How to help a drooping plant recover from transplant shock?
If your plant is in transplant shock, you must provide ample water, humidity, light, and fertilizer so that it recovers as quickly as possible.
You also need to be patient, as the plant will take some time to settle down.
9. Drooping due to aging
A rubber plant can also droop due to its natural aging process.
In that case, you can try pruning and fiddle with its environmental conditions like water, humidity, etc.
Drooping due to aging is a natural process, and that is where you might not be able to revive your rubber plant.
Although rubber trees can grow upto 100 years outdoors but a rubber plant can survive indoors for up to 10 years.
So that is how you can estimate if your rubber plant is dying due to aging.
Few Tips about the Rubber Plant (Know before you grow)
|Common Name||Rubber Plant or Rubber Tree|
|Latin Name||Ficus elastica|
|Color||Dark Green, Maroon, and Yellow, cream edges|
|Insects and Diseases||Mealybugs, Scales insects, Aphids, Whitefly, Root rot|
- Rubber Plants are not self-supporting; the more they build up, the droopier they get. You can keep your rubber plant standing up by using bamboo or dowels.
- Rubber Plants are quick growers, creating as much as 24″ in a season.
- Rubber plants are harmful. They produce a smooth sap when their leaves or stems are broken. This sap contains latex and can be unsafe for animals and individuals.

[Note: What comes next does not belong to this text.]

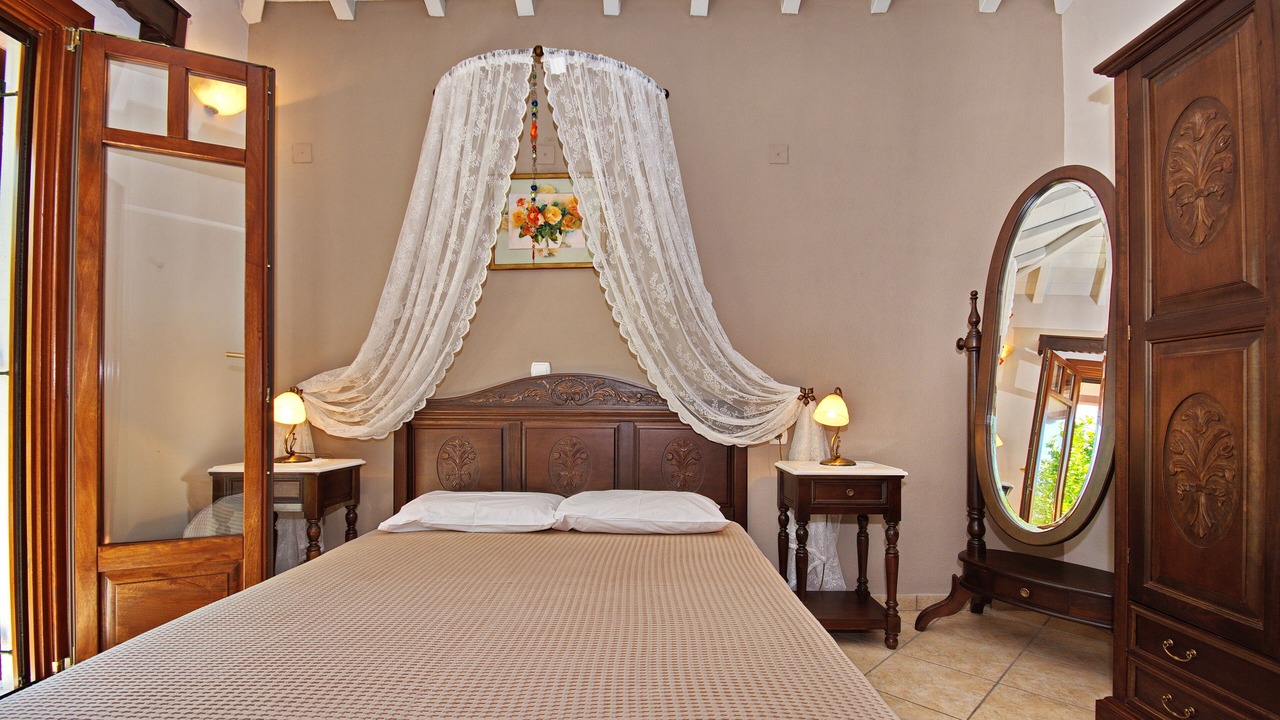 Photo of Bedroom in Steni Vala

- Rubber Plants use a lot of nutrients from their soil, so keep some fertilizer in stock for when things get low!
When it comes to drooping rubber plants, watering is a major cause of it. There may also be issues like lousy soil and extreme environmental conditions.
Make sure that your plant is not over or underwatered. Also, ensure adequate fertilization and don’t overdo anything. Try to put your rubber plant at a temperature of 10°C (50°F) to 29°C (85°F). Rubber plants can stay in the dark for 2 to 3 days but not at low temperatures and cold drafts.

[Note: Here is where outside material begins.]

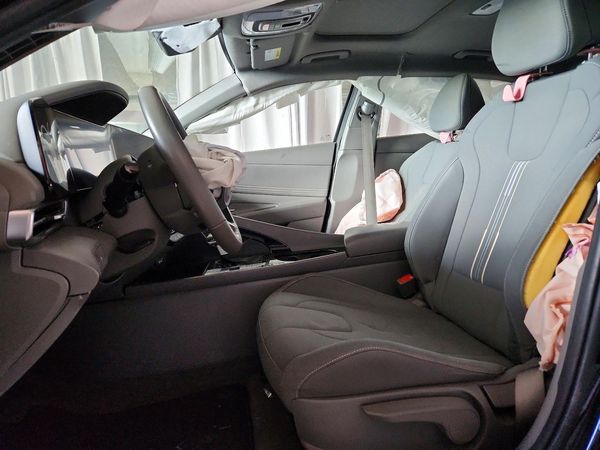 2024 HYUNDAI ELANTRA SEL w/ Convenience Pkg — DENT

As discussed above, one should spray neem oil or garlic on their rubber plant. This helps in keeping the pests away. Move your rubber plant to a good bright spot. In any case, never place the plant near the open window in the frost during the winter.

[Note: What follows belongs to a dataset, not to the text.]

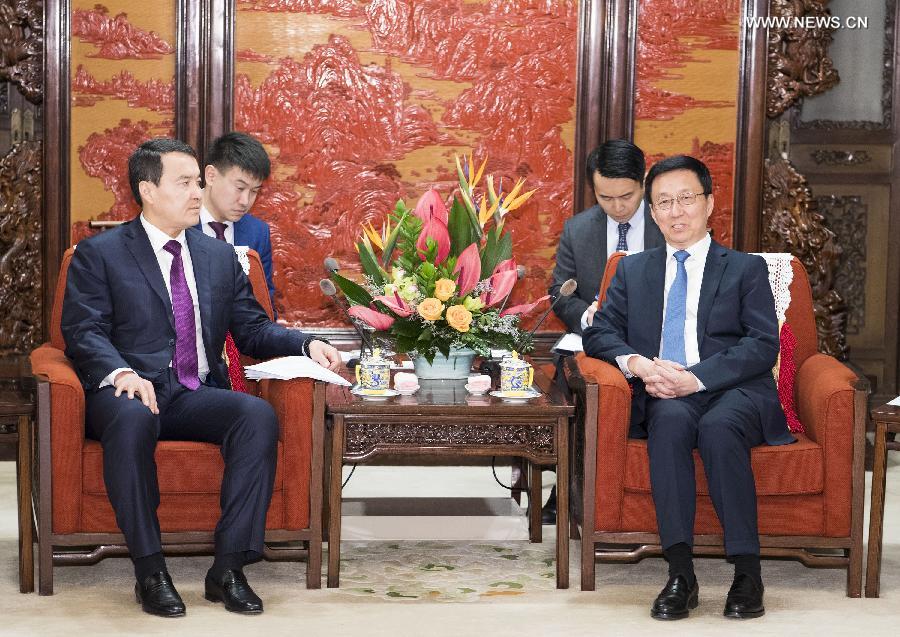 نائب رئيس مجلس الدولة الصيني يحث الصين وقازاقستان على مواءمة استراتيجيات التنمية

Why has my rubber plant gone limp?
It is because you might have overwatered your rubber plant. Wilting and yellow leaves of plant will happen in this case, and the leaves will become very soft.
Why is my rubber tree plant bending over?
The taller your rubber plant grows, the danger of it bending over will increase because they are not self-supporting. So you will need to support it with some external support system.
How do I make my rubber plant bushy?
Pruning is the key to making it bushy. So prune it at regular intervals to make it sturdy and bushy.